Sí, por supuesto existen quienes lo niegan. Están, para empezar, los historiadores académicos de la burguesía ‑ya sabemos- desapasionados, neutrales, distantes. Pese a que parte de la “nueva” historiografía se ufana de un acceso “exclusivo” a archivos secretos soviéticos hasta ahora cerrados, no dice nada nuevo. Al menos, nada que no se haya dicho en su momento para calumniar a la revolución. Y, en cambio, persisten en reinterpretar, reimaginar a la revolución rusa como un accidente de la historia o un hecho criminal.
En esta particular visión, un pequeño grupo de hombres malvados o fanatizados secuestró el orden natural capitalista, se apoderó de un enorme imperio, introdujo un sistema absurdo que al cabo de unas décadas se derrumbó solo o con la ayuda de algunas picotas, como el muro de Berlín.
La verdad es que fácilmente les podríamos conceder esa teoría a los eminentes ideólogos. Porque el punto decisivo es que el orden capitalista que ellos defienden… no es natural, ni inmutable, ni eterno. Es histórico. Y la historia de nuestra época, de nuestros días, demuestra su carácter finito, caduco, moribundo. Así las cosas, recordar en estos días “el fin del comunismo” no deja de ser un ejercicio estéril o inapropiado, como mentar la soga en la casa del ahorcado.

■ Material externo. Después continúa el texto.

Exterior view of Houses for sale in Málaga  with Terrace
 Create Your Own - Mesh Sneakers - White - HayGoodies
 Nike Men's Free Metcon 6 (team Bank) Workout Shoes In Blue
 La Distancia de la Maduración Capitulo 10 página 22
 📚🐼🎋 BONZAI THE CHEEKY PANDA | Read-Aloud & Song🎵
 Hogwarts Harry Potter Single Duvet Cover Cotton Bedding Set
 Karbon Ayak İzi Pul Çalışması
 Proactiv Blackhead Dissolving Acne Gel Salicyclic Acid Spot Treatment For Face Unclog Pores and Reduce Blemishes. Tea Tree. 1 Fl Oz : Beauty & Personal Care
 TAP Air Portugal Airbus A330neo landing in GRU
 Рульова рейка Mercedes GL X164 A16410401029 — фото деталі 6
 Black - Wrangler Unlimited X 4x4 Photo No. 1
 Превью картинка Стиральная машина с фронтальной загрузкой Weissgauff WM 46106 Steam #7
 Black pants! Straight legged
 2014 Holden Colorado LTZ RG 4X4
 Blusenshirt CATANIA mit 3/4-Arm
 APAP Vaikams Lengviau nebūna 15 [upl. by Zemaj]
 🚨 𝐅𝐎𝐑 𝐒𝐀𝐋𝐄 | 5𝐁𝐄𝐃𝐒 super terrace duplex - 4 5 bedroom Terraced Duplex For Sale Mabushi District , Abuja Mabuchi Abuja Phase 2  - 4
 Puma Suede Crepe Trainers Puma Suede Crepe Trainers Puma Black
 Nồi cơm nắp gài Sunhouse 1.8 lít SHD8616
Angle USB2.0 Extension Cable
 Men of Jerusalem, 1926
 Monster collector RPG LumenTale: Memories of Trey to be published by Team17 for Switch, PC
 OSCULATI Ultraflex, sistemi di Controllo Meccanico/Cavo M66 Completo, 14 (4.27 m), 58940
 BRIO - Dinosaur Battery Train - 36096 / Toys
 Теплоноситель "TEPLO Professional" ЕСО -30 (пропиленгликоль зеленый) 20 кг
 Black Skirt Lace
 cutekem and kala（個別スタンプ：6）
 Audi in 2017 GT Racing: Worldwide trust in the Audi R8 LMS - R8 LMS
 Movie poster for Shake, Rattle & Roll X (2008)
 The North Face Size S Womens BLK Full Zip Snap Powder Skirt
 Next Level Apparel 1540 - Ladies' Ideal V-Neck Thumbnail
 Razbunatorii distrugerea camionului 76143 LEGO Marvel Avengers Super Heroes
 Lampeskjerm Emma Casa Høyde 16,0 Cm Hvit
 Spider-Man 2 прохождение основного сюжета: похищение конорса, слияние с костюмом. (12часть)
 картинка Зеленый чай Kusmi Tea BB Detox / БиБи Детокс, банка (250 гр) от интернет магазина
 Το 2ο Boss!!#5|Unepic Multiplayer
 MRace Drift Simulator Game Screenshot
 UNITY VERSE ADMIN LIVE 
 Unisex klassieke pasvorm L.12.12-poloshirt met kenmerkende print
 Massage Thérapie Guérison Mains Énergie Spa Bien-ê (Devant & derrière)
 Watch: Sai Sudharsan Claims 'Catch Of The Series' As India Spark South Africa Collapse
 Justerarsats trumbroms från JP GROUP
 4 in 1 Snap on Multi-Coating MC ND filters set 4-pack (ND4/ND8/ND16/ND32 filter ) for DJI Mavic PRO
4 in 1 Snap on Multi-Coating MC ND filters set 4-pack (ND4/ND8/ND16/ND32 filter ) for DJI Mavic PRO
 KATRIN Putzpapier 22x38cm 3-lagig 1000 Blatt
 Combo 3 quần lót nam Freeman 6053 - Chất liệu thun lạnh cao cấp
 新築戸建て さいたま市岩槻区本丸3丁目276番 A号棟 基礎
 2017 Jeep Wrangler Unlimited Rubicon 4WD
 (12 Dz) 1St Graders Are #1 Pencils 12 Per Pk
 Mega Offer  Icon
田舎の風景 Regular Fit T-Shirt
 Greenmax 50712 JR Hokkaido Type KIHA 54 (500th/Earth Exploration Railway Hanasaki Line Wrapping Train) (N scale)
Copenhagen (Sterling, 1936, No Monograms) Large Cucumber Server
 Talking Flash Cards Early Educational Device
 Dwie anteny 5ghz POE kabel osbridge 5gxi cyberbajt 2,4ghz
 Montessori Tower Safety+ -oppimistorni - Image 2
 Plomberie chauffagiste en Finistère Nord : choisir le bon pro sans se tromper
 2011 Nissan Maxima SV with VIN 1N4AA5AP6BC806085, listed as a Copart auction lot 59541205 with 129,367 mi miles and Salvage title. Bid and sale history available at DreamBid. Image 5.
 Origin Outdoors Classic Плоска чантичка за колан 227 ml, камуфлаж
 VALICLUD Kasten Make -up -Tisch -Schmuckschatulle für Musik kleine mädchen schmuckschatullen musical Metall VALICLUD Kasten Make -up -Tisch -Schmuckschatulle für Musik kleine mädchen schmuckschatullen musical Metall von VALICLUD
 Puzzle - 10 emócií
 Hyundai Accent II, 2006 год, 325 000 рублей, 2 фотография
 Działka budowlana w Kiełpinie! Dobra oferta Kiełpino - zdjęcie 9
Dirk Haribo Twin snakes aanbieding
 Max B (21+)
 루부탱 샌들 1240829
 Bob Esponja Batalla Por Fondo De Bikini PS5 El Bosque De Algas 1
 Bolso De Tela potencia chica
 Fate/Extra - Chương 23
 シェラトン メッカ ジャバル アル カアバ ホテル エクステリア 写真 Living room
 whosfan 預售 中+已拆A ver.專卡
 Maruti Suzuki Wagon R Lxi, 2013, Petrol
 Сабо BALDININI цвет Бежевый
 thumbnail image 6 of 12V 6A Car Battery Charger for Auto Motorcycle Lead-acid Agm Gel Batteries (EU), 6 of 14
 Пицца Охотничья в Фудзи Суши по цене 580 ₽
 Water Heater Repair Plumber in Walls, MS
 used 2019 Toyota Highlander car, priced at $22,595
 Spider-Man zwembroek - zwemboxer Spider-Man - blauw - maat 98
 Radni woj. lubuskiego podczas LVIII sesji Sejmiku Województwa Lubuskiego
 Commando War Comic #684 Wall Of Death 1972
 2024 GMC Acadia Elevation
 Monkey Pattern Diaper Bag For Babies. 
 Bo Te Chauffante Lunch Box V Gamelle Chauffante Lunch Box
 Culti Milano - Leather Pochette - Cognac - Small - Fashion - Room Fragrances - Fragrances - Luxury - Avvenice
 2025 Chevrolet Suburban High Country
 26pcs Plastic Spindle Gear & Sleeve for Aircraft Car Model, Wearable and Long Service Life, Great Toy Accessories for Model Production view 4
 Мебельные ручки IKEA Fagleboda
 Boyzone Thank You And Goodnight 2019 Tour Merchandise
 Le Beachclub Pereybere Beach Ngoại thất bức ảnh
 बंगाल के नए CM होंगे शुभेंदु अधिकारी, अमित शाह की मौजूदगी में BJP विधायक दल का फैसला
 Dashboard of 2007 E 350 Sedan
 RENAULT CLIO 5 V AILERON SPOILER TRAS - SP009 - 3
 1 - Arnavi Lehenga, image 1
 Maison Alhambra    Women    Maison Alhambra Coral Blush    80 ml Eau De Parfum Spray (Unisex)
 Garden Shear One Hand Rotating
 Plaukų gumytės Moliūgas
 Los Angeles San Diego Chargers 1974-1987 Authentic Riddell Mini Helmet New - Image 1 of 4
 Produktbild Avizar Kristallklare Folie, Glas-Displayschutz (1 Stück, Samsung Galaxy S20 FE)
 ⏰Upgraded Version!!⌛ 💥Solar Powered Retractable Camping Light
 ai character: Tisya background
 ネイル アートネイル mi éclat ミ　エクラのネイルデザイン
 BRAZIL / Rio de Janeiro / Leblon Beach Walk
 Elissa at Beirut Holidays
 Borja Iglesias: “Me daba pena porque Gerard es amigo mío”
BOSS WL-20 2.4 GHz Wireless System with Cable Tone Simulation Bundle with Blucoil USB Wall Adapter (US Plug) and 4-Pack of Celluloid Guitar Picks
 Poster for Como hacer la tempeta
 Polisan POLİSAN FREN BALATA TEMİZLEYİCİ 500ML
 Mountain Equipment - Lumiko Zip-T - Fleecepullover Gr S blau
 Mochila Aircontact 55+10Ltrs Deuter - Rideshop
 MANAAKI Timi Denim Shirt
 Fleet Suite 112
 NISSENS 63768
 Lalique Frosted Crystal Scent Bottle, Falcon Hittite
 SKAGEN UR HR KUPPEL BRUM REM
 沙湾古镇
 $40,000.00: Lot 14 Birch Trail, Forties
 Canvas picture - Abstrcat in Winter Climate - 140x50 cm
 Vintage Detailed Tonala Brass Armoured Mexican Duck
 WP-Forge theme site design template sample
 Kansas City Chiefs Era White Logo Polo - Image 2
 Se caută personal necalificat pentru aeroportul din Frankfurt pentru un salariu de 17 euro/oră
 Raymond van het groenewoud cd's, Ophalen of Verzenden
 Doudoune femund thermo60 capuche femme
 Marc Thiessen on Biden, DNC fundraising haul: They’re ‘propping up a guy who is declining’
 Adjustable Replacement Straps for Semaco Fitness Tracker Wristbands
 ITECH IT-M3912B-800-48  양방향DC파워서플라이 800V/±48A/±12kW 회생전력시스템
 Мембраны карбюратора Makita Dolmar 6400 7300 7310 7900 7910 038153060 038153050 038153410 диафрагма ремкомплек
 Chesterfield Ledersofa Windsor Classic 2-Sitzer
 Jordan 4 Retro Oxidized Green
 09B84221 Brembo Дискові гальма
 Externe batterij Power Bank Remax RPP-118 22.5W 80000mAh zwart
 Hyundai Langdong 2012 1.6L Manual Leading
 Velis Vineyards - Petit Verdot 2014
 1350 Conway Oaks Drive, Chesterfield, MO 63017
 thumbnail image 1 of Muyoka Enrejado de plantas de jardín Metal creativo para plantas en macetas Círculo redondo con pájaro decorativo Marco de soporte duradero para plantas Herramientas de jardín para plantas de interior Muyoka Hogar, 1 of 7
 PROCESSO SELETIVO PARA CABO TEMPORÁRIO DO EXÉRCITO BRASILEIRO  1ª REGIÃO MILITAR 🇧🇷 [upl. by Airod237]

Y por eso es necesario volver a los días de octubre: porque nos hablan con fuerza, con vida. Nos dicen lo que “necesitamos escuchar”; nos muestran “los mecanismos de acción”, “la operación de los factores…”. Las revoluciones modernas ‑como fueron inauguradas en Rusia, con sus acontecimientos y giros, sus terribles dilemas y sus audaces decisiones, sus logros heroicos y sus errores monumentales, su rectitud infinita y sus constantes desviaciones- no reniegan de su carácter histórico: canalizan lo nuevo, aglutinan la voluntad de cambiarlo todo, elevan a una clase, unen a un pueblo, y le dan forma a la dignidad, que hoy, tal como en vísperas de 1917, comienza a reunir sus fuerzas.